Sure, there are a lot of other reasons to be juiced up. I'll get to visit some long lost friends like Mr. Toad's Wild Ride and Snow White's Scary Adventures -- favorites from my childhood that are gone forever from WDW's Magic Kingdom but can still be found at "The Happiest Place on Earth". (By the way, did you know that phrase is technically only Disneyland's tagline? Walt Disney World's is "The Most Magical Place on Earth" or "Where Dreams Come True". I don't make this stuff up, folks.)
Of course, there are a lot of totally new (to me) things, too. Haunted Mansion Holiday will be celebrating its 13th anniversary during our trip, and I am totally stoked to check that out. There are the Storybook Land Canal Boats, the Indian Jones Adventure, and Roger Rabbit's Car Toon Spin just waiting for me, and let's not forget the totally revamped Disney California Adventure Park with the out-of-this-world Cars Land that everyone's buzzing about!
But as I mentioned earlier, planning this trip has me a little out of my Disney comfort zone. Some things are just strange to me. For example, dining reservations can only be made 60 days out. What's even more bizarre is that for the four nights we'll be on Disney property, I only made one dining reservation. This would be my idea of heresy at WDW. I can only assume that this is what Eddie Valiant felt like as he fell from the window without a parachute. Everyone says, however, that ADRs (Advance Dining Reservations) aren't generally necessary at Disneyland, so I'm going to trust them and (gulp) play it by ear.
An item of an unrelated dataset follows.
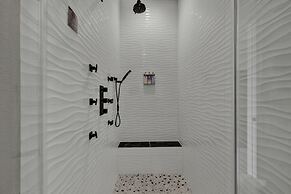 The Bentley Hotel - Elvis Room - Pool View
Another difference: My idea of doing a Disney vacation properly is to get up at 6:30 so that I can be showered, dressed, and travel across the aforementioned 42+ square miles to be waiting at the front gates of the theme park of my choice at least a half hour before park opening. But Disneyland's parks won't be opening until 10:00 AM on the days we are there. What the heck!? And since we are staying at Disney's Grand Californian Hotel and Spa, I'll be able to practically fall out of bed and land at the front gate of either park. Considering the time zone difference and my level of excitement, I'll probably be pulling a Buzz Lightyear from the old DCA commercials and get caught trying to peer over the fence while waiting for the parks to open. Admit it; wouldn't you?